After SPORT was sold and moved to Los Angeles in 1988, I applied for a reporter’s position at Sport Illustrated For Kids, solely in the tactical interest of positioning my carcass under the same roof that sheltered the vaunted Sports Illustrated.

Writing for kids was a challenge that gave me a ride on the squirrel train, but I mastered it. The thrill of launching a new publication, and my belief in its mission of encouraging kids to read, kept me suitably engaged until I summoned to SI’s website in November 2006. Along the way, I even squeezed out nine biographies for SI For Kids Books: Michael Jordan, Bo Jackson, David Robinson, Nolan Ryan, Jim Abbott, Jerry Rice, Grant Hill, Ken Griffey, Jr., and Frank Thomas. I was an author after all!
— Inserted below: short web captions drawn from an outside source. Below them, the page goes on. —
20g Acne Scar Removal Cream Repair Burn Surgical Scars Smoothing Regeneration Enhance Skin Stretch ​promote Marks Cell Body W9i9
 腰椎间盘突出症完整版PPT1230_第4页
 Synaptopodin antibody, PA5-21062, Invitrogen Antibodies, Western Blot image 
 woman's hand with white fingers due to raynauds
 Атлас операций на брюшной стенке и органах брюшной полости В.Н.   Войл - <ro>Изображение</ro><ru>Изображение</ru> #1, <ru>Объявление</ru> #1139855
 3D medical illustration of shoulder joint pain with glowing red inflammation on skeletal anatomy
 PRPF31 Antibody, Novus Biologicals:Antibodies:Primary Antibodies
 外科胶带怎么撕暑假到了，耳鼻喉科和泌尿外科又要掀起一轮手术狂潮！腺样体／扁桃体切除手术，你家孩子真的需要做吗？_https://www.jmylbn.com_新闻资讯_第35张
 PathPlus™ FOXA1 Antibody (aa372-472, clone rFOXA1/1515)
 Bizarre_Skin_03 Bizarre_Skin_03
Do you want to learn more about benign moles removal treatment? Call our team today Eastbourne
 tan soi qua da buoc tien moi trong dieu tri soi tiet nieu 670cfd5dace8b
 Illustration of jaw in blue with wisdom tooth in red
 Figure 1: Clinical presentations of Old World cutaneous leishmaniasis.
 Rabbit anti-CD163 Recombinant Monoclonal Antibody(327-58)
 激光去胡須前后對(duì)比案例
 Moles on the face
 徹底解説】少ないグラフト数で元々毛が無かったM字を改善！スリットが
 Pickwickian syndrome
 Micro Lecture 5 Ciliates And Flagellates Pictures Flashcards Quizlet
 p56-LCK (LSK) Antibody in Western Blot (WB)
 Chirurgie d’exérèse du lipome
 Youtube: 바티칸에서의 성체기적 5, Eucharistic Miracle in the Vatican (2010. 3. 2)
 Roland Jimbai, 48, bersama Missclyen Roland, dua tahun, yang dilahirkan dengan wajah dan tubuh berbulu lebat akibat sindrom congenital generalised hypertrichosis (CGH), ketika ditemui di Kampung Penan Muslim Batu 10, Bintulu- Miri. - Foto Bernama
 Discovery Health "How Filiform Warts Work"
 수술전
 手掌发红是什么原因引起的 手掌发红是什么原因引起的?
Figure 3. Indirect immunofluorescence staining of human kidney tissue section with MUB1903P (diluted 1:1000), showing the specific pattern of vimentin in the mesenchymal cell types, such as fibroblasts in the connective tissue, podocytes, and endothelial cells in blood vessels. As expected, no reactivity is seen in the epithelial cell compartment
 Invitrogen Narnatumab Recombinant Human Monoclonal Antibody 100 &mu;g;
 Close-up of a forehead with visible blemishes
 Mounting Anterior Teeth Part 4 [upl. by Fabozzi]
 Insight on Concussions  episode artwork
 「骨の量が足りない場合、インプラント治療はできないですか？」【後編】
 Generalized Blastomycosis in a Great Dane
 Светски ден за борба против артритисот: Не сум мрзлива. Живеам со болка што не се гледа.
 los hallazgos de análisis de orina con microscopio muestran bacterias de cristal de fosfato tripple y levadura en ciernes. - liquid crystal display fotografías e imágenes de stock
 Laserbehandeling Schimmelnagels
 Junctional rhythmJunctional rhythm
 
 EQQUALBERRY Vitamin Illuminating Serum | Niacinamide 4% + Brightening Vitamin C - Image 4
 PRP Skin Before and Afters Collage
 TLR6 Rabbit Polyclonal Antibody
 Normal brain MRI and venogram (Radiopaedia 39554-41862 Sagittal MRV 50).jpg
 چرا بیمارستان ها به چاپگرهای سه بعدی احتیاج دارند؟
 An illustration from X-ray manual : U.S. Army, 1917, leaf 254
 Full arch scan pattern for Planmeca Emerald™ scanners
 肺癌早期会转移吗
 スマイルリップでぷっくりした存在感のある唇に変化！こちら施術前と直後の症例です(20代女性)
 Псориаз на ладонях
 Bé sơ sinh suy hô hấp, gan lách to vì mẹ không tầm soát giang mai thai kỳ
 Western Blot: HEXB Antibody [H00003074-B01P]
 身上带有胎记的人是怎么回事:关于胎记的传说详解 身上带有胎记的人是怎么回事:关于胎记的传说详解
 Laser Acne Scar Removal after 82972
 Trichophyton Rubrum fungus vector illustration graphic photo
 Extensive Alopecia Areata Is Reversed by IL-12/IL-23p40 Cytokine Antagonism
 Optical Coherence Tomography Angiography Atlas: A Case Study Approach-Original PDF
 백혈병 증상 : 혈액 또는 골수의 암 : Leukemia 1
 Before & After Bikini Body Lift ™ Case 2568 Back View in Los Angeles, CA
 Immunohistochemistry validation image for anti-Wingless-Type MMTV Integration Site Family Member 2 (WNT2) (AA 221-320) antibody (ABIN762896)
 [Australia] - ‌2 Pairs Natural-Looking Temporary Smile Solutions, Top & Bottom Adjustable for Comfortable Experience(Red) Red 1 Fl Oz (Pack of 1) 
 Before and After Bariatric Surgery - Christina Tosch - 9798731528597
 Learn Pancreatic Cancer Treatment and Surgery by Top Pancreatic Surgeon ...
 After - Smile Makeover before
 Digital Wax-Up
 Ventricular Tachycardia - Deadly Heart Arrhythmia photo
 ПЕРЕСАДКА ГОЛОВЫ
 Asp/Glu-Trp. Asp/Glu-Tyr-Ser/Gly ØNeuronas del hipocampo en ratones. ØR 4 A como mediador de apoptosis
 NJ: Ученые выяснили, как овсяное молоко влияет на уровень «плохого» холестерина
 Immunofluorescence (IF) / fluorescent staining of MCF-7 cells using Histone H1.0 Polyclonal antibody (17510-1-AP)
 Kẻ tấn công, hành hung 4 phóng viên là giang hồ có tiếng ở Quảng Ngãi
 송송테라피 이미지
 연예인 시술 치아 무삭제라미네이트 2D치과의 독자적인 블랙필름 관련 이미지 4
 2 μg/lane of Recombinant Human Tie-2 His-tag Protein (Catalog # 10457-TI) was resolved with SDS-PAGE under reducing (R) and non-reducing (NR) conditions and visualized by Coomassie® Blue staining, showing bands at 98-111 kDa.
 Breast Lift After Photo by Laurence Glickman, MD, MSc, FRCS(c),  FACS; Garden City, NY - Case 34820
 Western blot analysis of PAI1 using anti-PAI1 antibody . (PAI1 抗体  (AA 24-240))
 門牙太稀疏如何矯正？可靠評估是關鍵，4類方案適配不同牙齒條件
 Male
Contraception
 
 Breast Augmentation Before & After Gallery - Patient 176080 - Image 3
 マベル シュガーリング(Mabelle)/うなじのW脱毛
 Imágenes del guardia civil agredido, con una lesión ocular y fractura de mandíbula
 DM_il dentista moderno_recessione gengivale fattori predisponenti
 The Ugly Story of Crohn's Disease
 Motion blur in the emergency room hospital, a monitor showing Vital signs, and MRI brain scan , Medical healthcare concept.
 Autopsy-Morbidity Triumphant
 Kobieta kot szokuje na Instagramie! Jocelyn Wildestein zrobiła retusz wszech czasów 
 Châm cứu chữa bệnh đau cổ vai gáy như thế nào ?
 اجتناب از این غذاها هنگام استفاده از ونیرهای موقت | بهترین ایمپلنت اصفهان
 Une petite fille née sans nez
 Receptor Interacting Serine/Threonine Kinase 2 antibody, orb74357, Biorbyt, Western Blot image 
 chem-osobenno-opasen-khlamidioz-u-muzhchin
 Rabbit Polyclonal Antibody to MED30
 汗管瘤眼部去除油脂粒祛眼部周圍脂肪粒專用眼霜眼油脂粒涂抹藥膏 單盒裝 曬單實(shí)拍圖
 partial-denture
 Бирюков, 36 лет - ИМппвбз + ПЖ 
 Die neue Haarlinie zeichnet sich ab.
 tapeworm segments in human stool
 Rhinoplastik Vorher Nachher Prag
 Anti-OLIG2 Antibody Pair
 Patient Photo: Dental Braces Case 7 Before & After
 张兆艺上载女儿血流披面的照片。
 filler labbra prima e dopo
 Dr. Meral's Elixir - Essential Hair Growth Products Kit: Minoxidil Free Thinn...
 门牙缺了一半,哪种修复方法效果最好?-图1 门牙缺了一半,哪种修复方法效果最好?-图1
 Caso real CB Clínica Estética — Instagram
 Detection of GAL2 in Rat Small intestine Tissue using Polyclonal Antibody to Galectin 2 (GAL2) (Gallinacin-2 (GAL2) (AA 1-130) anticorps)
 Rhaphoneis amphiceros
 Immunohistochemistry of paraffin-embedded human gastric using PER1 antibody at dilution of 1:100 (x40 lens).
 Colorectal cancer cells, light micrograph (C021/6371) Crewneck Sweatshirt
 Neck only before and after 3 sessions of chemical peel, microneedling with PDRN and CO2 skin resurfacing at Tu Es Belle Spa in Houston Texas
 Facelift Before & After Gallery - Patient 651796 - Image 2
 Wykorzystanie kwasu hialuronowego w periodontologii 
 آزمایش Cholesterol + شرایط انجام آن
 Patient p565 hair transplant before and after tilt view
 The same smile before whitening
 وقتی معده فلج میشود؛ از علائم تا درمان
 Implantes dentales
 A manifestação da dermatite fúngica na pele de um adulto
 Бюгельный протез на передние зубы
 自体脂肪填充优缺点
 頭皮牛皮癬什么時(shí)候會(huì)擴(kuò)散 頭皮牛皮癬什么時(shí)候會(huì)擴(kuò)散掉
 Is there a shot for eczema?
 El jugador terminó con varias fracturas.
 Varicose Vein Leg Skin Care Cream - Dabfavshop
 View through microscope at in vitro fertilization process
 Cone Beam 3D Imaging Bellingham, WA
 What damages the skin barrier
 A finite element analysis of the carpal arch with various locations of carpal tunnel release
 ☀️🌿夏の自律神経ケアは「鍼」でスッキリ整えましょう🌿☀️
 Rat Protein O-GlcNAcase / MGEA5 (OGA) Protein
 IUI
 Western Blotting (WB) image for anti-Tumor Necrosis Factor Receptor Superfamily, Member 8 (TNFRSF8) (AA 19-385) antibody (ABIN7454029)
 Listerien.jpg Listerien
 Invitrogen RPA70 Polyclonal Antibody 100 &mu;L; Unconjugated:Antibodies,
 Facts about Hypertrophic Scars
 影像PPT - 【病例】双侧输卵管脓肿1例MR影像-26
Now John at the bar is a friend of mine. He gets me my drinks for free. He’s quick with a joke or to light up your smoke, but there’s someplace that he’d rather be. — from “Piano Man” by Billy Joel

There’s more to my world than sports, and since 2000 I have been writing about the vicissitudes of family life (the grist for my book The Goose in the Bathroom), my travail commuting via rail to Manhattan, and the glorious aggravations of driving a school bus. Much of my work has appeared in Gannett’s Poughkeepsie Journal, for whom I also wrote a weekly social-political rant called “Taking It Personally” that frequently attracted torch-and-pitchfork-bearing mobs to my lawn.

After leaving SI in 2016, I created this website as a home for my scribbling, particularly my blog “Hellions, Mayhem & Brake Failure” about my adventures as a school bus driver, a noble profession I entered in February 2018 and have come to love.

I sincerely hope all this wonderment causes you mirth.

The old fart inside was now breathing freely from his perfume bottle atomizer air bulb invention. His excited eyes from within the dark interior glazed, watered in appreciation of his thoughtful preparation. — from “Old Fart at Play” by Captain Beefheart

Whatever. I trust that these snapshots of my life have given you a clearer sense of me as an able, serious, conscientious, and dependable individual who has done above-average work while avoiding his grandma’s evil rice pudding and using his pig iron control tower for something besides a rain barrel. Life has been an interesting journey. I’m looking forward to chronicling the rest of the trip.